ASA Adjudication on Tele Sky Shopping Ltd
22 April 2009
Number of complaints:
A 15-minute teleshopping presentation in Hindi for Ekta’s Karyasiddhi Graha Snati Dhoop (Aromatic Incense Sticks) promoted dhoops (the incense sticks), to light and burn to obtain benefits, such as fortune and peace of mind. The presenters, well-known Indian soap actors, spoke of Ekta Kapoor who had produced the product and introduced experts in the fields of tarot, feng shui and face reading who also promoted the dhoops. The experts and presenters provided responses to audience questions and made claims such as “It is a special dhoop which helps in maintaining peace in the house, and ensures the existence of Goddess Laxmi, or wealth, and is another way of remembering God" and "Ekta had experienced a vast improvement in her life by lighting a Grah Droop everyday. So she thought ... why not make a dhoop of her own … Today, along with us, you have learnt that by lighting the Graha Shanti dhoop, it is so easy to make your life much better."

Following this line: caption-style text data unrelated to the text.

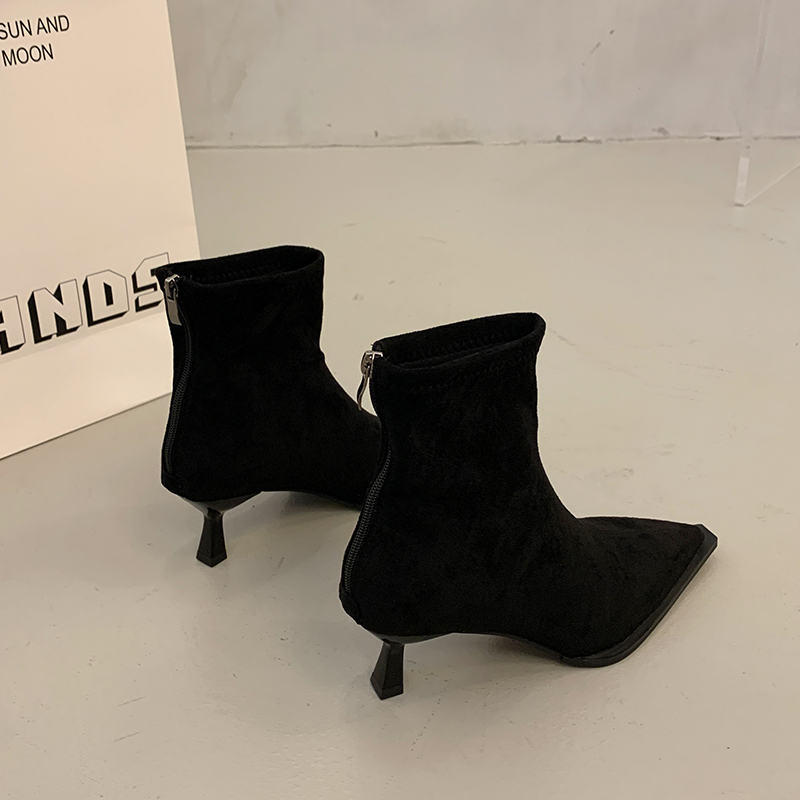 法式高跟尖头绒面卡其色瘦瘦靴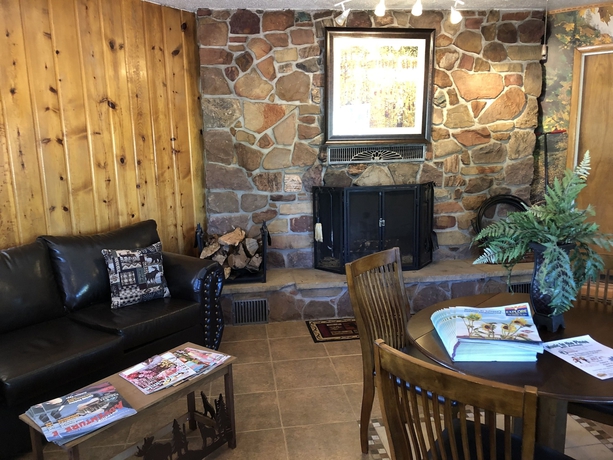 Imagen de los interiores del Hotel Timberlodge Inn. Foto 18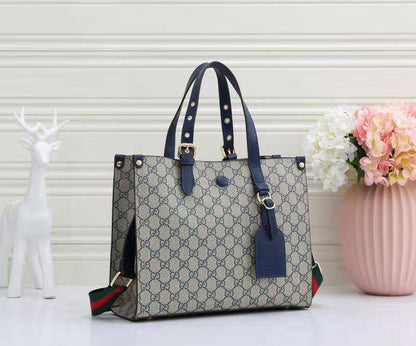 GUCCI 
GOOD QUALITY
110 dhs✅

Zain295
♥️♥️♥️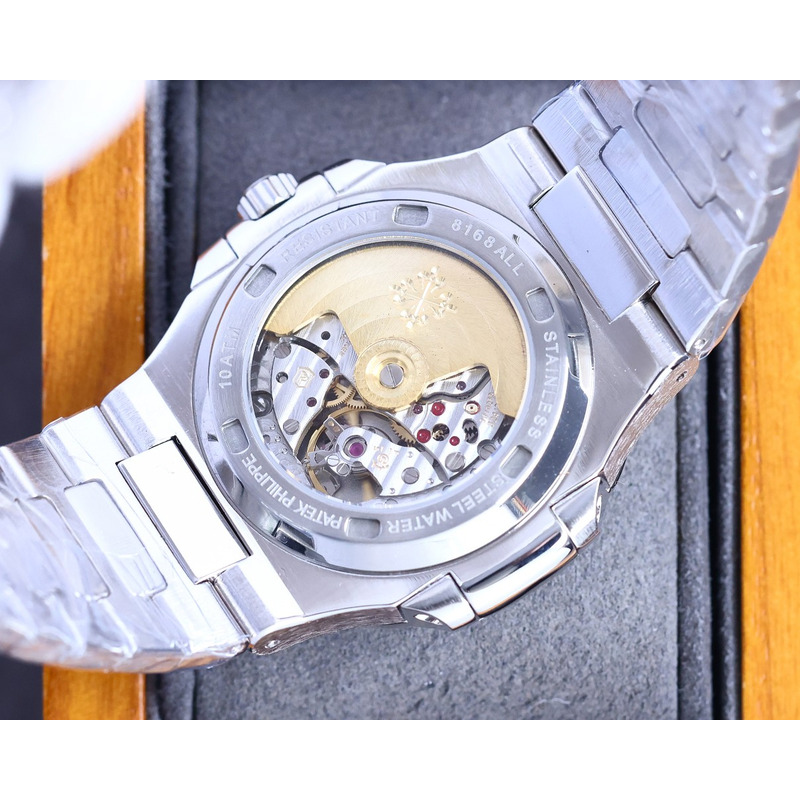 patek philippe nautilus 5711 blue emerald Di*m*nds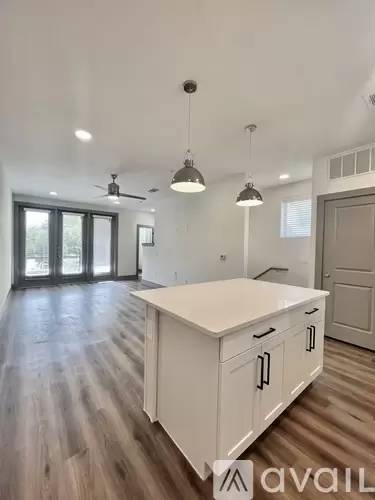 Main picture of Midway Row House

Three viewers questioned whether the presentation was misleading, because it continuously implied that using the dhoops would bring success, good fortune and wealth.
BCAP TV Code
Clearcast said the burning of incense sticks was commonplace in many cultures, with the purpose of creating a more congenial atmosphere for spiritual or contemplative behaviour, such as meditation or prayer. They said any implied claims in the presentation relating to a favourable change of personal circumstances were clearly associated with spiritual or contemplative behaviour, rather than suggesting these changes were provided by the dhoops. They said the dhoops were a tool to aid positive thinking which in turn could lead to greater personal fulfilment. They added that the presentation was transmitted on a specialist channel where the audience had knowledge and experience of the dhoops and understood their role in meditation and prayer.
The advertiser did not provide any additional comments.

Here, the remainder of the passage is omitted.